A senior Iranian official has pushed back sharply against Donald Trump’s latest public statements on a ceasefire agreement, telling the news website Al Araby Al Jadeed that Tehran has not yet given final approval to any memorandum of understanding, that significant gaps remain across several files, and that Trump’s characterisations of the deal reflect his personal interpretation rather than the agreed text.
The Iranian source, responding to Trump’s most recent post on the state of ceasefire negotiations, said the US president had been presenting his wishes as established facts.
The source confirmed that Iran has not yet formally approved the memorandum of understanding. Negotiations, the official said, continue to face the same core problem that has plagued the process throughout: America’s contradictory and shifting approach, which the source described as the single biggest obstacle to reaching any agreement.
On the nuclear dimension, the source said that no discussions on the details of the nuclear file have taken place and Trump’s statements about removing Iran’s enriched uranium are his personal wishes and do not reflect anything agreed or discussed at the negotiating table.

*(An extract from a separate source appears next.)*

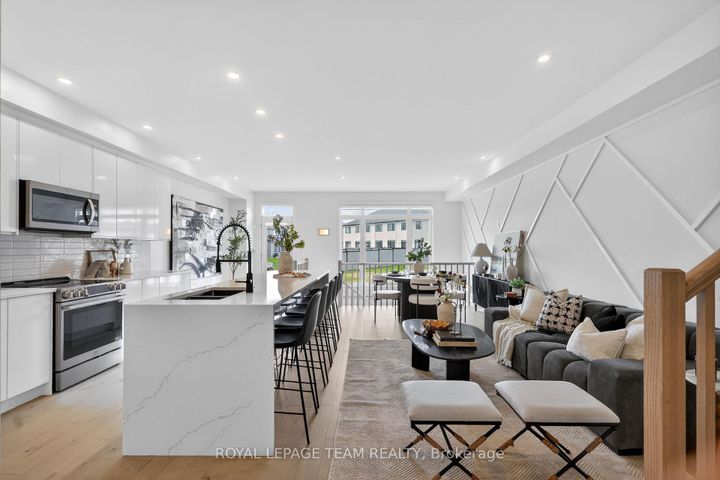 Photo 8 at 528 Corretto Place, Nepean (Heritage Park), Ottawa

The source acknowledged that broad outlines of an understanding on the Strait of Hormuz and Lebanon have been reached. However, the official stressed that what Trump said about the strait represents his personal interpretation of those outlines, not their agreed-upon content.
The source concluded by characterising Trump’s most recent post as a selective reading of certain elements from a possible agreement, taken out of context, and not an accurate or complete representation of where negotiations actually stand.
“Differences on several files are continuing,” the official said.